*Work required*:
Each line from the one with "2019 Mazda CX-3 GS Auto AWD Photo" through the last line of the material is to be printed exactly; no other line and no picture belongs in the copy.

*Data to examine*:
··········

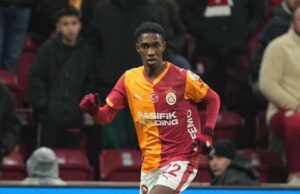 Yaser Asprilla no logra consolidarse en Turquía y crecen dudas sobre su futuro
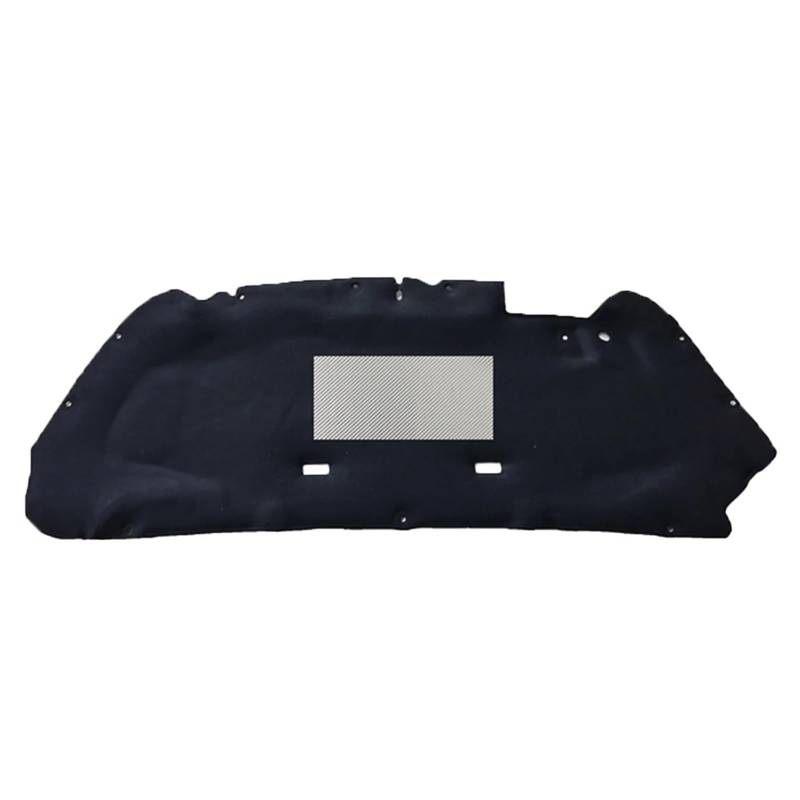 Motorraumdämmung Front Motorhaube Isolierung Pad Sound Wärme Baumwolle Schalldichte Matte Abdeckung Schaum Feuerfeste Für Peugeot 308 T7 2007 2008 2009 2010-2013 von Sqnbra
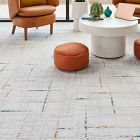 Spark Carpet Tile by Shaw Contract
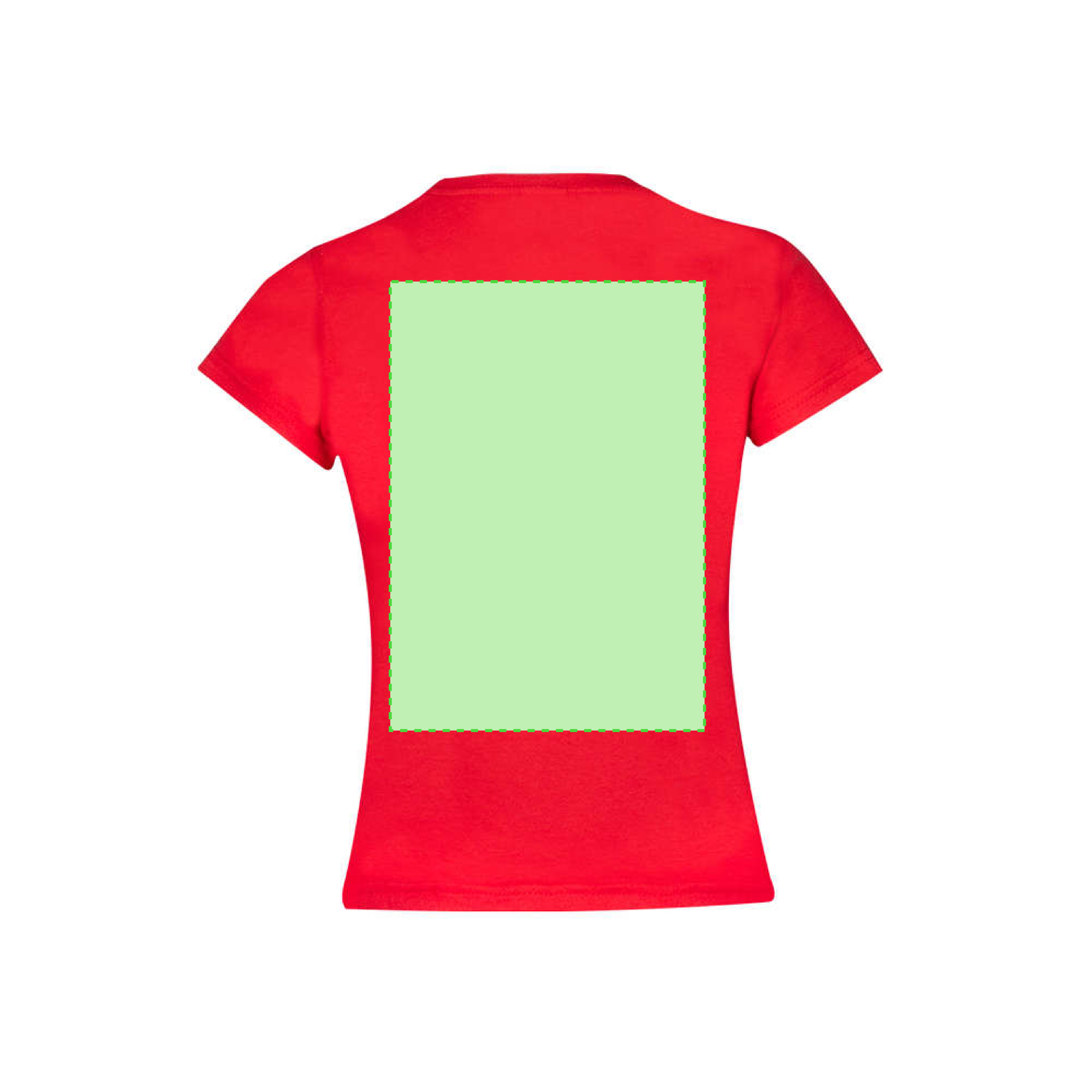 Kids Colour T-Shirt Hecom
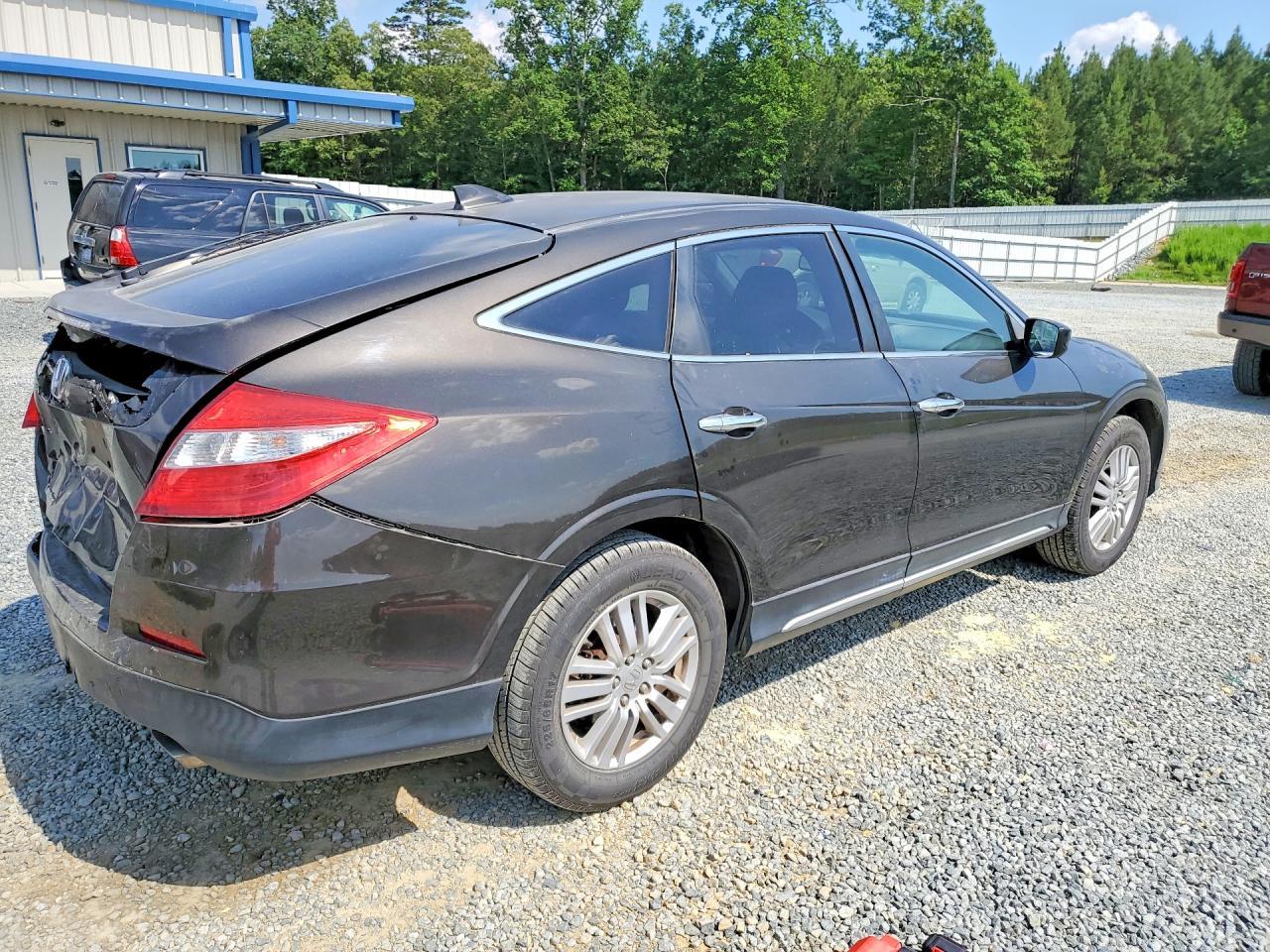 2014 Honda Crosstour Ex - Фото 3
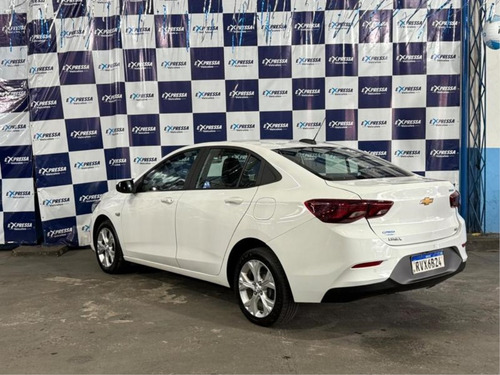 Chevrolet Onix 1.0 TURBO FLEX PLUS LTZ MANUAL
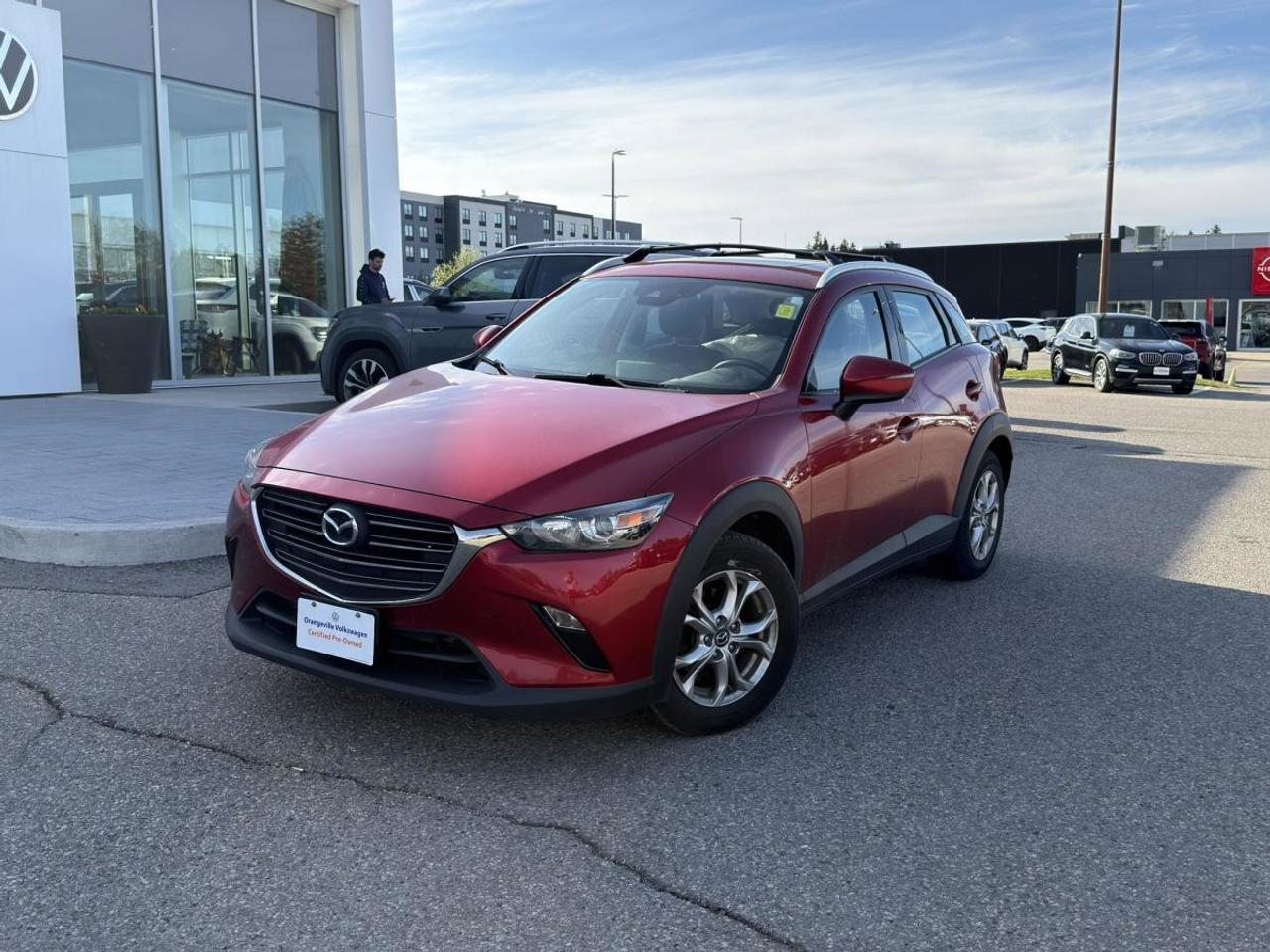 2019 Mazda CX-3 GS Auto AWD Photo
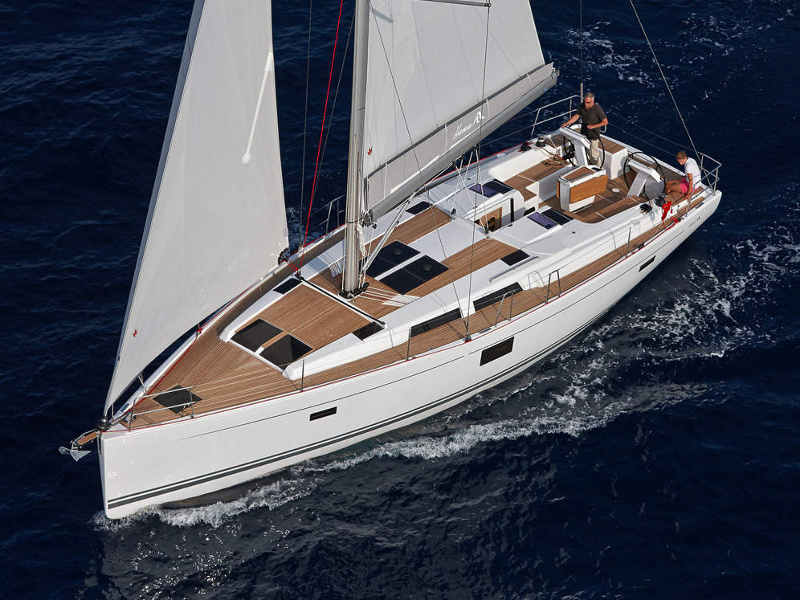 Hanse 455 — photo 1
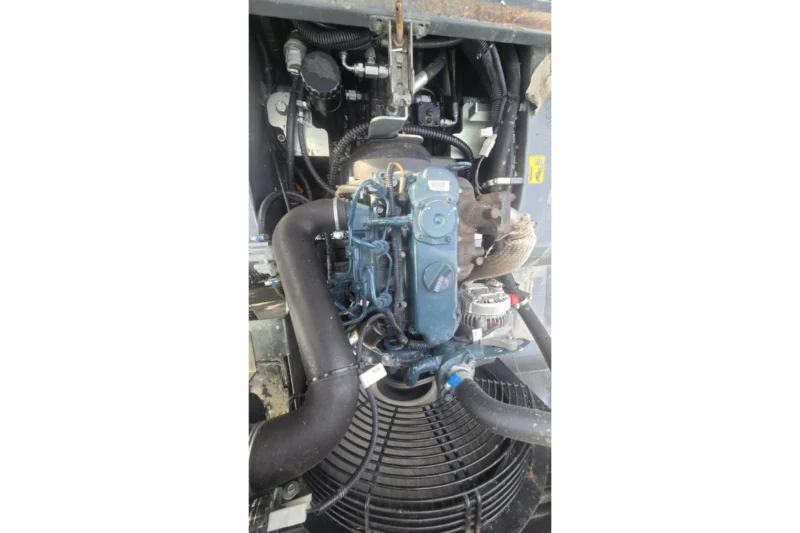 Wozidło Budowlane Gąsienicowe Wacker Neuson DT15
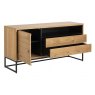 ASEND SIDEBOARD SMALL- BRUSHED WILD OAK 3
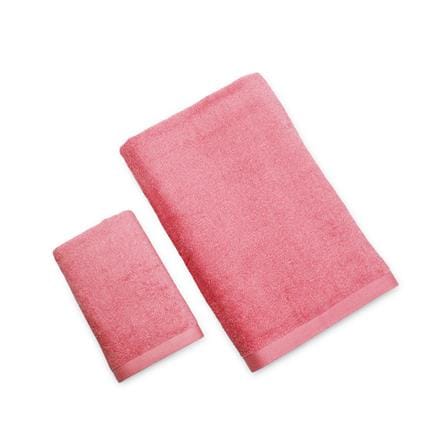ผ้าขนหนู GIFT SET RAINFLOWER KIMONO สีชมพู แพ็ก 2 ชิ้น_0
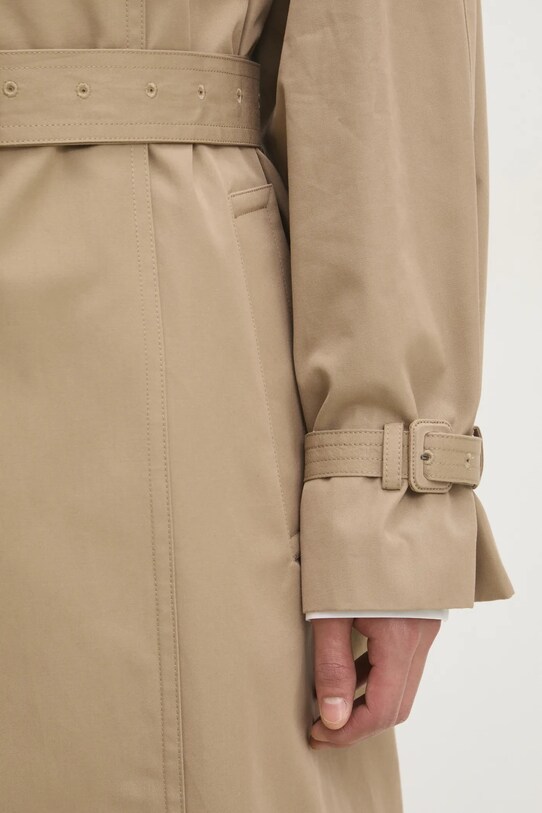 VETEMENTS trench Double Trench UA66CO400S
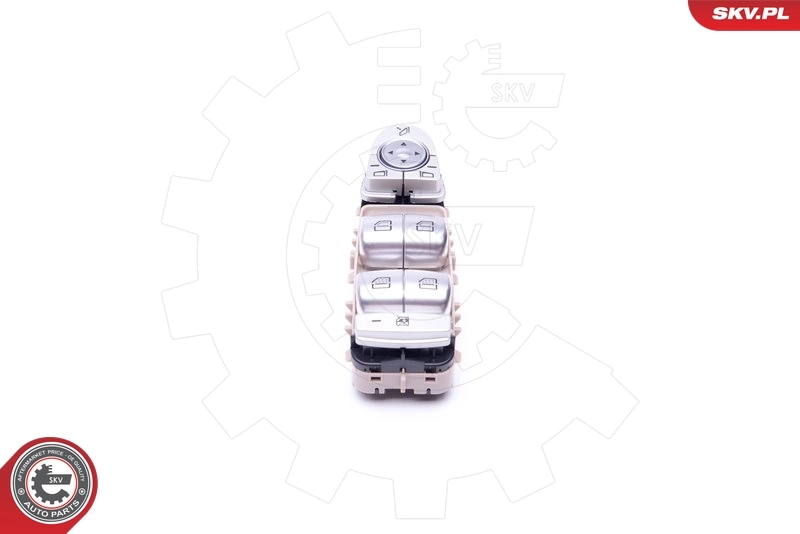 Switch, window regulator 37SKV055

··········

*Answer box*:
 2019 Mazda CX-3 GS Auto AWD Photo
 Hanse 455 — photo 1
 Wozidło Budowlane Gąsienicowe Wacker Neuson DT15
 ASEND SIDEBOARD SMALL- BRUSHED WILD OAK 3
ผ้าขนหนู GIFT SET RAINFLOWER KIMONO สีชมพู แพ็ก 2 ชิ้น_0
 VETEMENTS trench Double Trench UA66CO400S
 Switch, window regulator 37SKV055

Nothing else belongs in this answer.